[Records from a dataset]
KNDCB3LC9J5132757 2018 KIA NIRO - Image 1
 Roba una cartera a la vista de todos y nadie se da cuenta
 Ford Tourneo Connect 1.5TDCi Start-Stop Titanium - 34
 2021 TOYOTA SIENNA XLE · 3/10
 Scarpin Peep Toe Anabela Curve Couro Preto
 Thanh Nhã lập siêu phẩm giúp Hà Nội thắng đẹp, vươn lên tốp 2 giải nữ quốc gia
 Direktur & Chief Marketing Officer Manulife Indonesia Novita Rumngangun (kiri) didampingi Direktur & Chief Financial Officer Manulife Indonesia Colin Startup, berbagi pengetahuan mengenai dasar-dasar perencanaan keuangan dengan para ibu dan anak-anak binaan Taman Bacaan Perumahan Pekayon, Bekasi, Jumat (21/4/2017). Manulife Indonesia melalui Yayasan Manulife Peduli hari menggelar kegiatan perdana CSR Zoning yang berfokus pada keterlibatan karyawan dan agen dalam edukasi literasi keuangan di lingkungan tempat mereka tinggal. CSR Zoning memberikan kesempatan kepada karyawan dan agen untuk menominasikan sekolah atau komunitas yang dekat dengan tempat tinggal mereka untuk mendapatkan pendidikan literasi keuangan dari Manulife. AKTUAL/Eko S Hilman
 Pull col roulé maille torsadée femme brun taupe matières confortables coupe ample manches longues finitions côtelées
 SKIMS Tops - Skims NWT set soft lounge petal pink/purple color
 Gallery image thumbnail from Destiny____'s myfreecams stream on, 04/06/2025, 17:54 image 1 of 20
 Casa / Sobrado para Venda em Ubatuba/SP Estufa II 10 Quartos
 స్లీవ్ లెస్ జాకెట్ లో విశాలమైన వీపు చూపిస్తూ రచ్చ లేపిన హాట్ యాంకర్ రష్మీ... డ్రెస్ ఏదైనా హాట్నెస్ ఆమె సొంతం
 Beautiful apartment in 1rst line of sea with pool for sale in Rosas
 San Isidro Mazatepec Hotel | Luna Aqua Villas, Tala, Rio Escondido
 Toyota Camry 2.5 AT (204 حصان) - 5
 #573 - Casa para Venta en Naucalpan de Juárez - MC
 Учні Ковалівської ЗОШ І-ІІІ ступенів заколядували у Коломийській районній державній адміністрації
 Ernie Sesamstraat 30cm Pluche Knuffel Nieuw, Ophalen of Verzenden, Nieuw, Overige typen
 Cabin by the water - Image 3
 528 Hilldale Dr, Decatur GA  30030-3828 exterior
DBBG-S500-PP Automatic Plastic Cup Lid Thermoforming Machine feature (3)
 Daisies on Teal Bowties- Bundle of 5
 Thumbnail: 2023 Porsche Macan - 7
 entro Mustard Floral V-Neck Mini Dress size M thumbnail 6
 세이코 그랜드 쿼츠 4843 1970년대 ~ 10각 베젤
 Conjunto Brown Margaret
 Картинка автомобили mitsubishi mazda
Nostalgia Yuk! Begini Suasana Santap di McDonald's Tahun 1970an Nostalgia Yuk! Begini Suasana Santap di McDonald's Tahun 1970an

### Task instructions
Please give the number of lines with "Casa" in the entries above, and write no other text.

### Written response
2